# Ryobi 40V, 14in. Battery Chainsaw



## Patriot44 (Apr 1, 2018)

My 85 year old Grandfather has an obsession with chainsaws, always has. He has at least ten and purchased a Ryobi battery powered one this week. My chainsaw is at a buddy's deer camp, so I went to grab one of his to do some spring cleaning around the house. 

He asked what I was cutting and handed me this one. Love it!! Cuts like a beast for being a battery powered saw.  While using it I could only think how great this would be in the deer woods clearing/cleaning up fire lanes. 

Highly recommend! 

https://www.ryobitools.com/products/details/40v-14-in-brushless-chain-saw


----------



## KKrueger (Apr 2, 2018)

I just bought the pole saw version of it.  My dad has the Stihl (which is awesome). but for random cuts, or quick shooting lanes I think the battery powered is the way to go.


----------



## rayjay (Apr 3, 2018)

I have cut a LOT with my 36V Stihl. I rarely get out a gas saw anymore.


----------



## EJC (May 12, 2018)

Just picked up a Ryobi battery powered weed eater, my gas mixing days are over.


----------



## glynr329 (May 13, 2018)

How long will battery last on pole saw?


----------



## Patriot44 (May 13, 2018)

glynr329 said:


> How long will battery last on pole saw?



From my experience, two uses, plenty enough. I trimmed this past week with the same saw on all of my trees around the house. All-in-all, I would guess about 60 cuts of 1-3" diameter limbs between cutting them and cutting them up and the battery still had two of four bars left. I started with a less than full charge; these lithium batteries are off the charts! 

If I had to estimate, you could clear some mighty fine firing lanes with a full charged battery. I am talking a hundred yards long by 6 or 8 feet wide.


----------



## red neck richie (May 17, 2018)

KKrueger said:


> I just bought the pole saw version of it.  My dad has the Stihl (which is awesome). but for random cuts, or quick shooting lanes I think the battery powered is the way to go.
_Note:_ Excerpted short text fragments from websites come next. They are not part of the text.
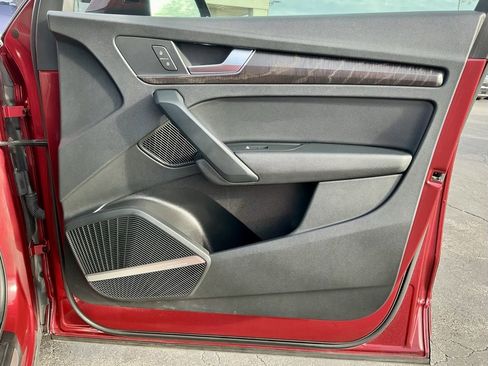 Used 2018 Audi Q5 2.0T Premium Plus w/ Premium Plus Package image 22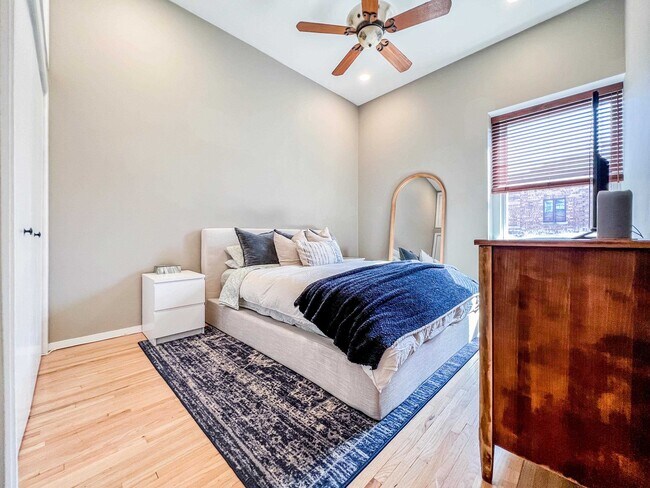 Building Photo - 222 Grand St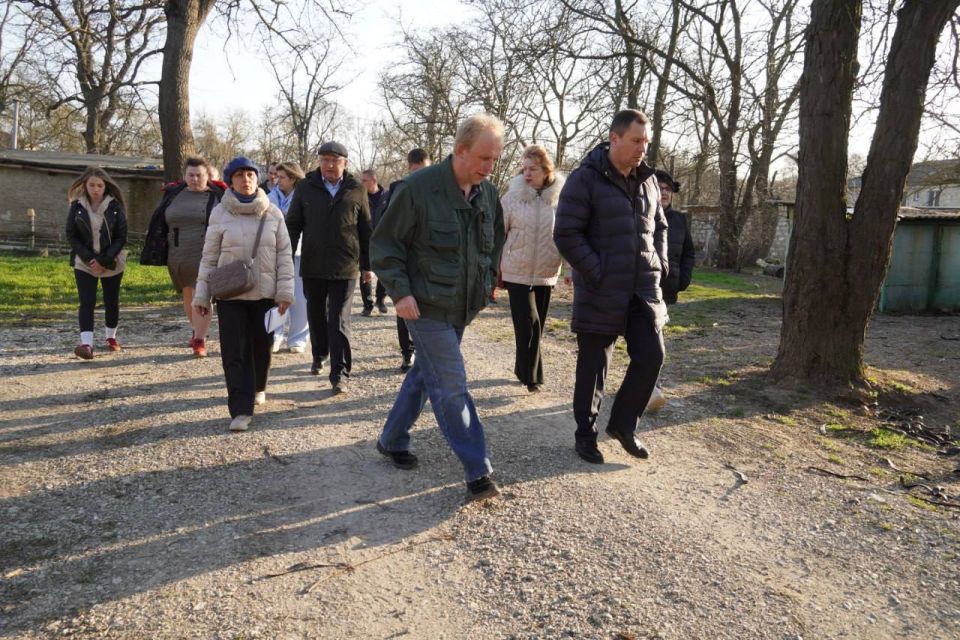 Глава администрации Керчи Олег Каторгин провёл заключительную встречу по предстоящему благоустройству придомовых территорий с жителями ул. 1-й Пятилетки, 23/22, 21, 19, 17/17, ул. Розы Люксембург, 15, 13, 11, 9/20, ул.... Глава администрации Керчи Олег Каторгин провёл заключительную встречу по предстоящему благоустройству придомовых территорий с жителями ул. 1-й Пятилетки, 23/22, 21, 19, 17/17, ул. Розы Люксембург, 15, 13, 11, 9/20, ул....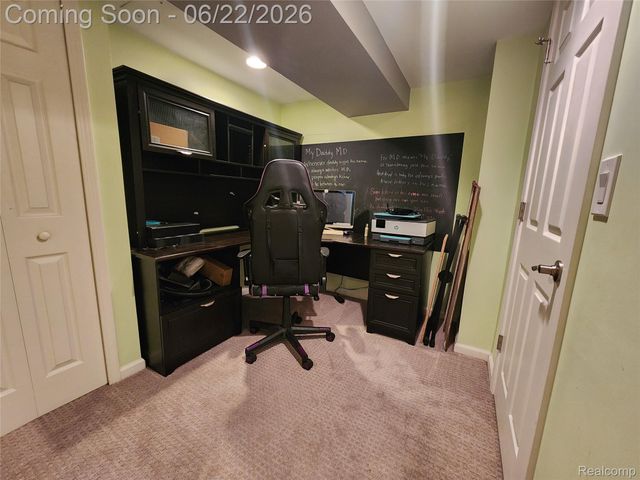 27336 Pierce Street, Southfield, MI 48076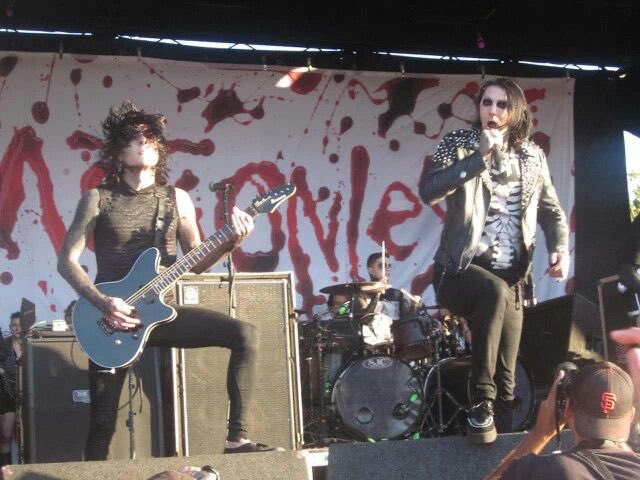 Motionless In White Daily tweet media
Yup I just got the Ryobi pole saw as well. I was all prepared to return it if it didn't work well. I figured I would give it a try since I'm getting tired of replacing carburetors on all my small engines due to this garbage ethanol gas.  I am impressed at how well it works. I bought an additional battery as well. I get about 15 to 20 minutes of continuous cut time per battery. Makes easy work of making shooting lanes and trimming branches on over grown trails. No more scratched paint on my truck running trails. I use it to prune the trees around the house also. It cuts 4 inch limbs easy.


----------



## Patriot44 (May 18, 2018)

Headed to the deer woods tomorrow for a full on test. Will let you know.


----------



## Miguel Cervantes (May 18, 2018)

Patriot44 said:


> Headed to the deer woods tomorrow for a full on test. Will let you know.



Report back. I know the Stihl battery powered saws have gotten good reports. 

Ryobi is in the consideration for battery powered lawn mower, weed eater and blower for my front lawn. 

Interested in hearing how that battery holds up in the deer woods. I would imagine keeping that chain razor sharp will make a big difference as well.


----------



## Patriot44 (May 22, 2018)

Miguel Cervantes said:


> Report back. I know the Stihl battery powered saws have gotten good reports.
> 
> Ryobi is in the consideration for battery powered lawn mower, weed eater and blower for my front lawn.
> 
> Interested in hearing how that battery holds up in the deer woods. I would imagine keeping that chain razor sharp will make a big difference as well.



We didn't get to use it as much as we would have liked as we were doing more looking than working, but it held up all day whoever we needed it. I'ts not mine, but if I had to purchase one for myself today, it would be this one.


----------



## 1eyefishing (May 22, 2018)

I just bought a brand new stihl 362 with a 20in bar to whoop up on those trees across the four wheeler trail. It would be good to have a second saw there as back up in case I get my blade stuck while bucking. I don't plan on cutting the tops apart before I cut the center out of the trunk to make way for the four-wheelers. That alone will raise the risk of sticking a saw blade. Easy to fix with second saw.


----------



## shdw633 (May 28, 2018)

I read this thread last night and went into Walmart today and they had a 60V Snapper cordless chainsaw with a 16 inch bar on clearance for $124.  Needless to say I bought it and now can't wait to get to the camp and start attacking some lanes!!


----------



## Dub (Jun 13, 2018)

I've been wondering about the newer battery powered models.

Great to hear these are working out well.  

Gotta be way more quiet than the gas versions.


----------